Securities registered pursuant to Section 12(b) of the Act:
Name of each exchange
Title of each class on which registered:
------------------- ---------------------
None None
Securities registered pursuant to Section 12(g) of the Act:
None
Indicate by check mark whether the registrants (1) have filed all
reports required to be filed by Section 13 or 15(d) of the Securities Exchange
Act of 1934 during the preceding 12 months, and (2) have been subject to such
filing requirements for the past 90 days. Yes X No --- ---
100% of the membership units of ACME TELEVISION, LLC are owned directly
or indirectly by ACME INTERMEDIATE HOLDINGS, LLC. 92% of the membership units of
ACME INTERMEDIATE HOLDINGS, LLC are owned by ACME Television Holdings, LLC. Such
membership units are not publicly traded and have no quantifiable market value.
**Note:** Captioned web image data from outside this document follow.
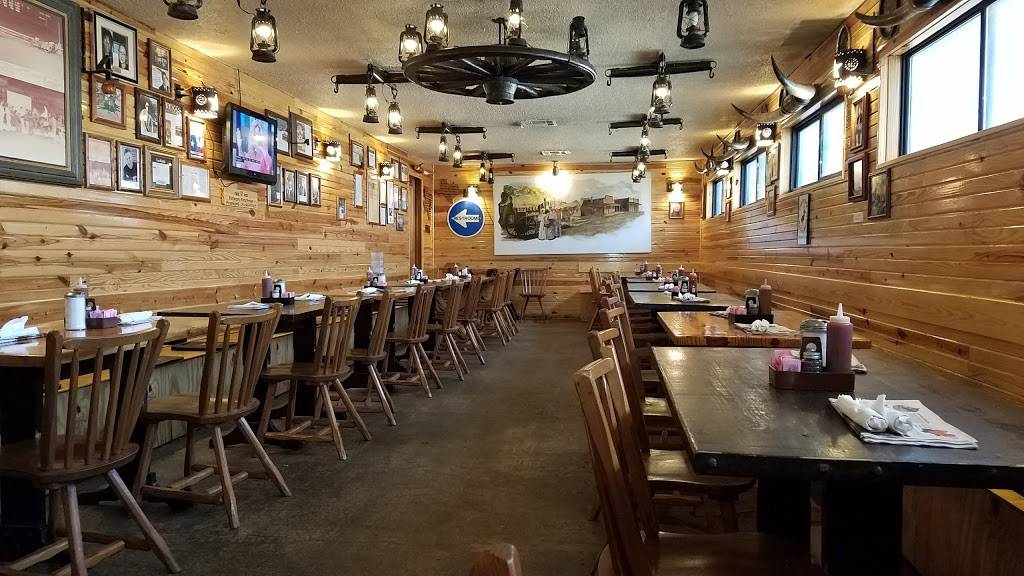 Ranchmans Ponder Steakhouse | cafe | 110 W Bailey St, Ponder, TX 76259, USA | 9404792221 OR +1 940-479-2221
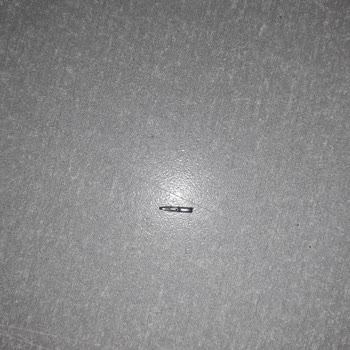 Yepar Ayakkabı Ayakkabıda İğne Parçası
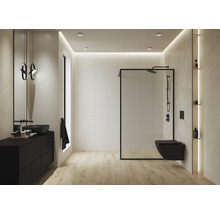 Modernes Badezimmer mit Dusche, Waschtisch und gemusterten Fliesen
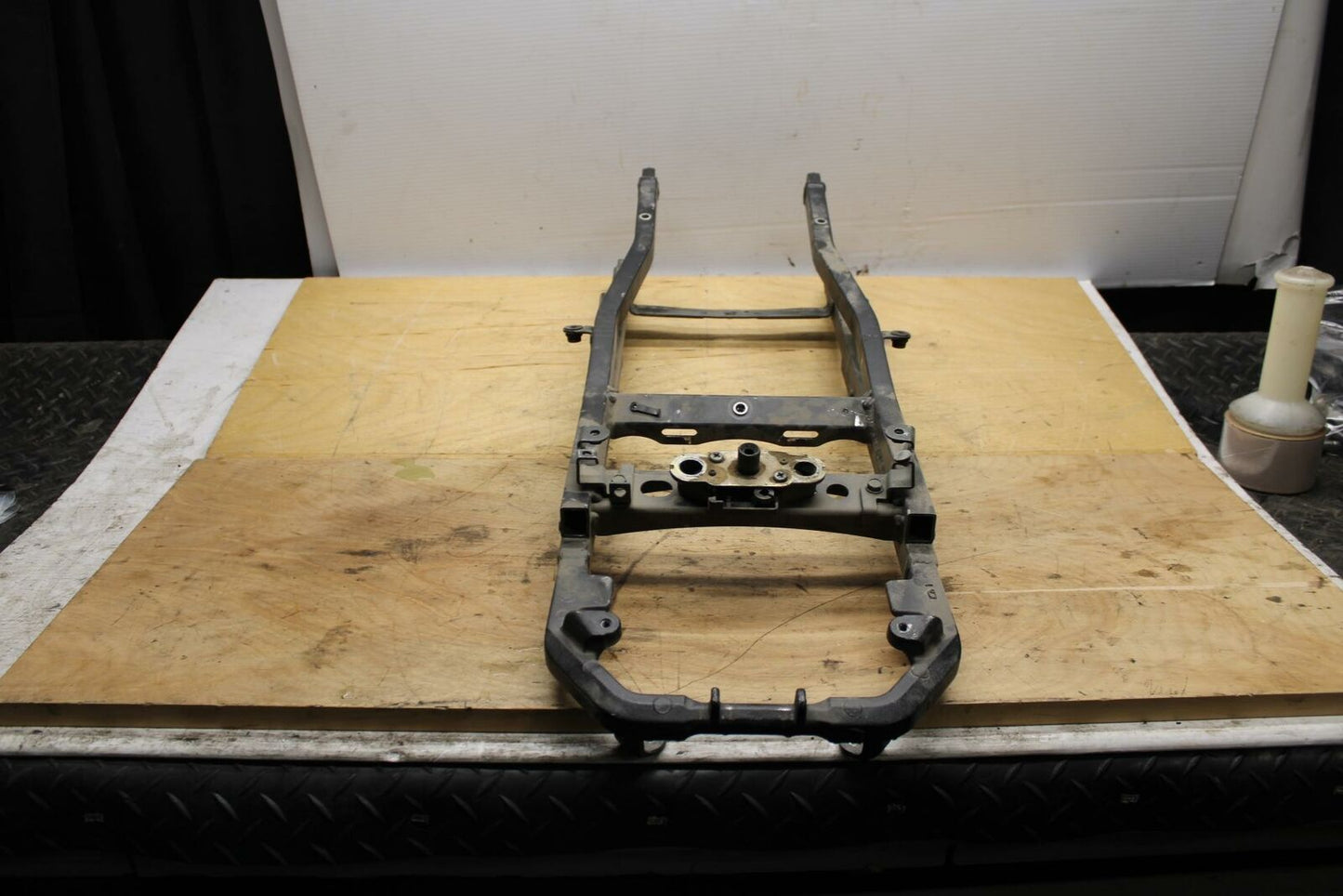 04-05 KAWASAKI NINJA ZX10R REAR SUBFRAME BACK SUB FRAME BB322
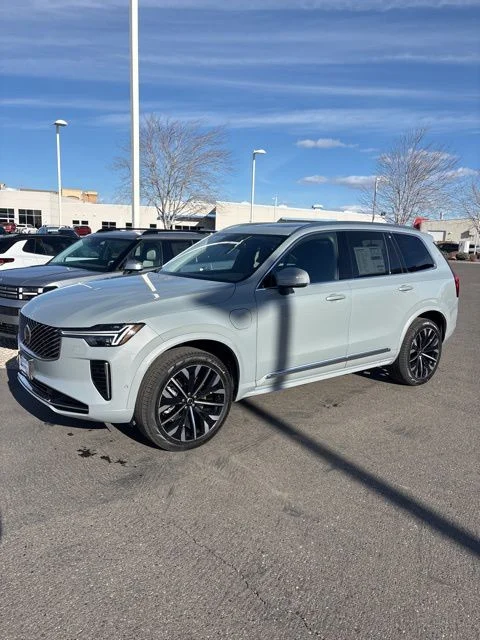 New 2026 Vapour Grey Volvo Plus image 9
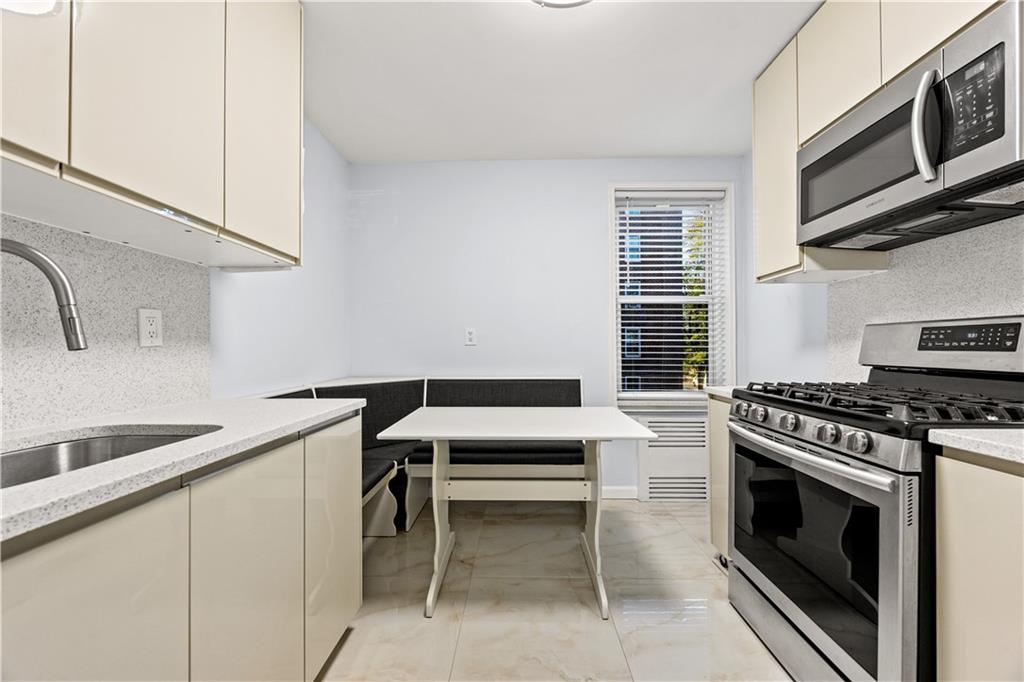 394 Avenue S 2F, Brooklyn, New York, 11223 image 7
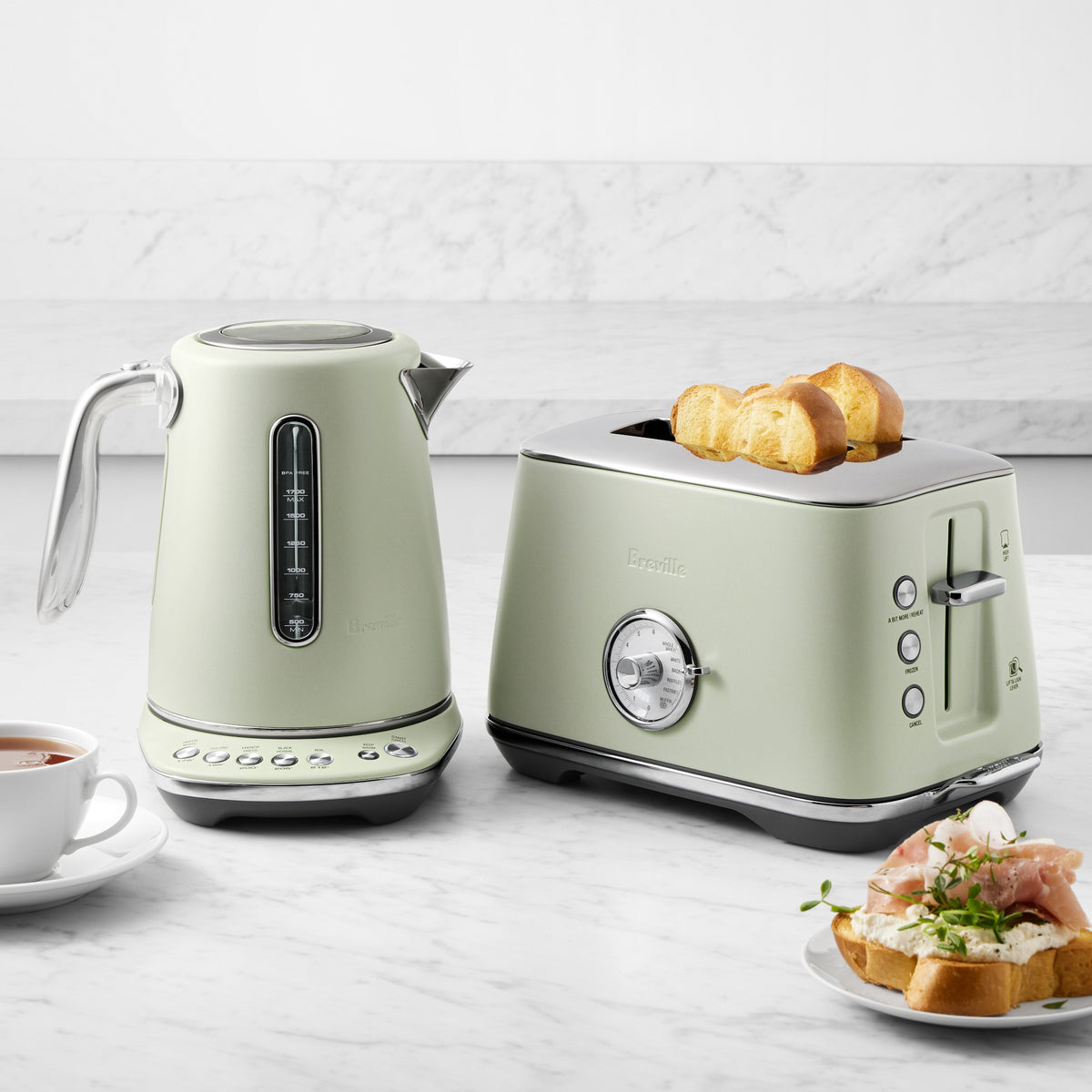 Breville Luxe Duo Kettle and Toaster Set Pistachio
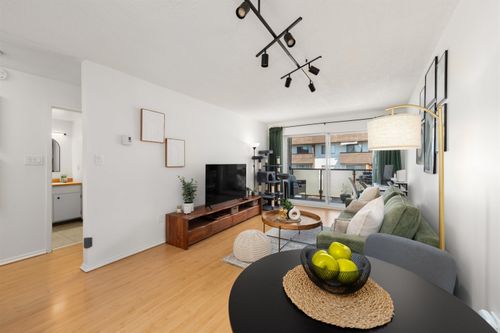 304-212 Forbes Ave, North Vancouver, BC, V7M3E5 | Card Image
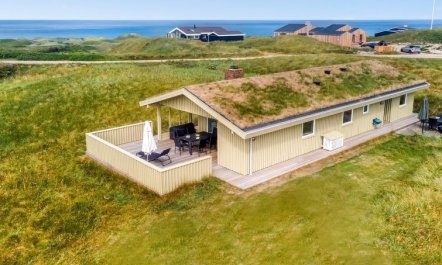 'Pinja' - 400m from the sea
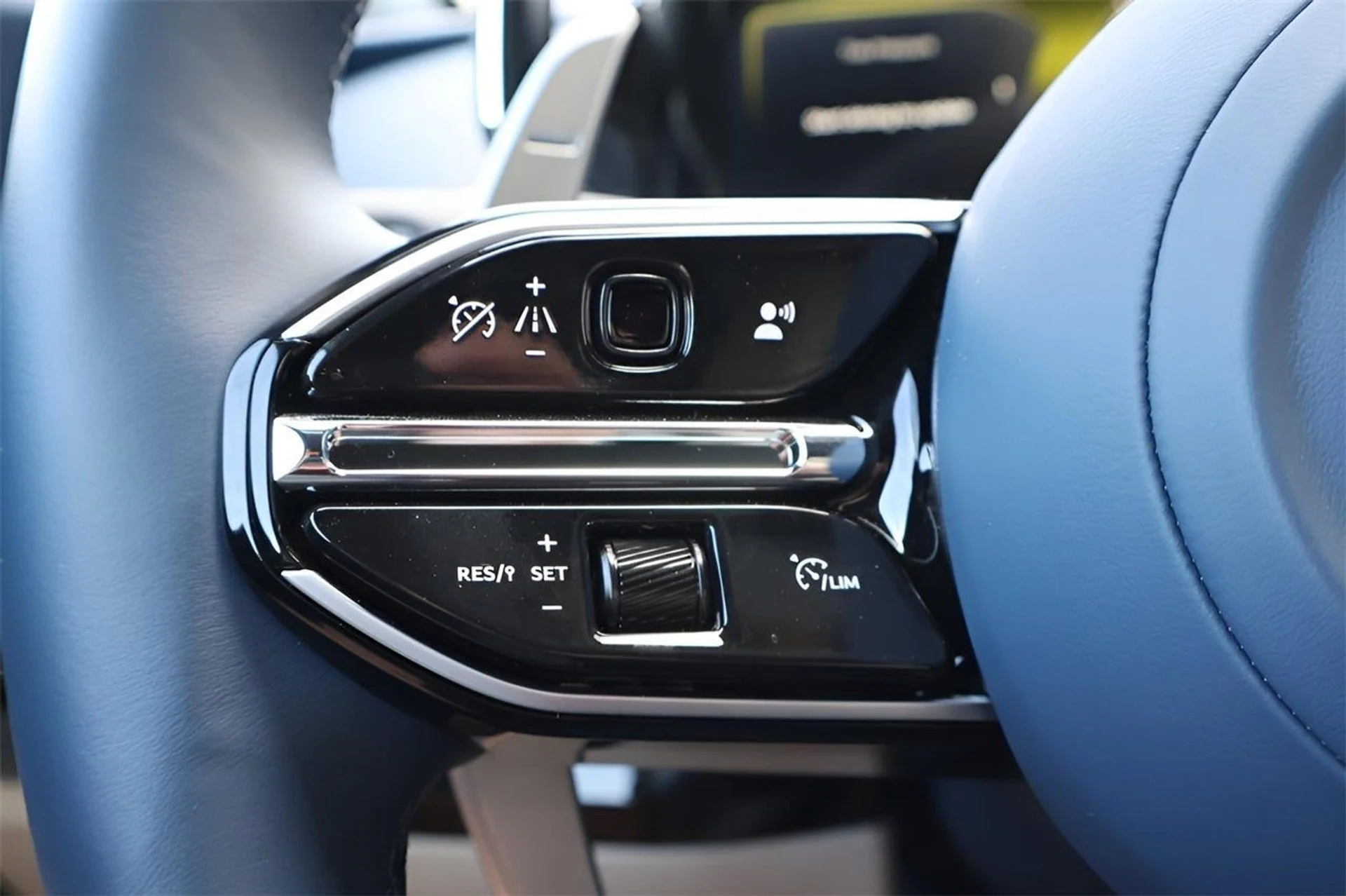 mph022_1713863723_23_557eef6f2f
Indicate the number of membership units outstanding of each of ACME
Television, LLC's classes of equity as of the latest practicable date: At May
14, 1998, there were outstanding 200 membership units, without par value.
Indicate the number of membership units outstanding of each of ACME
Intermediate Holdings, LLC's classes of equity, as of the latest practicable
date: At May 14, 1998, there were 895,425 membership units without par value.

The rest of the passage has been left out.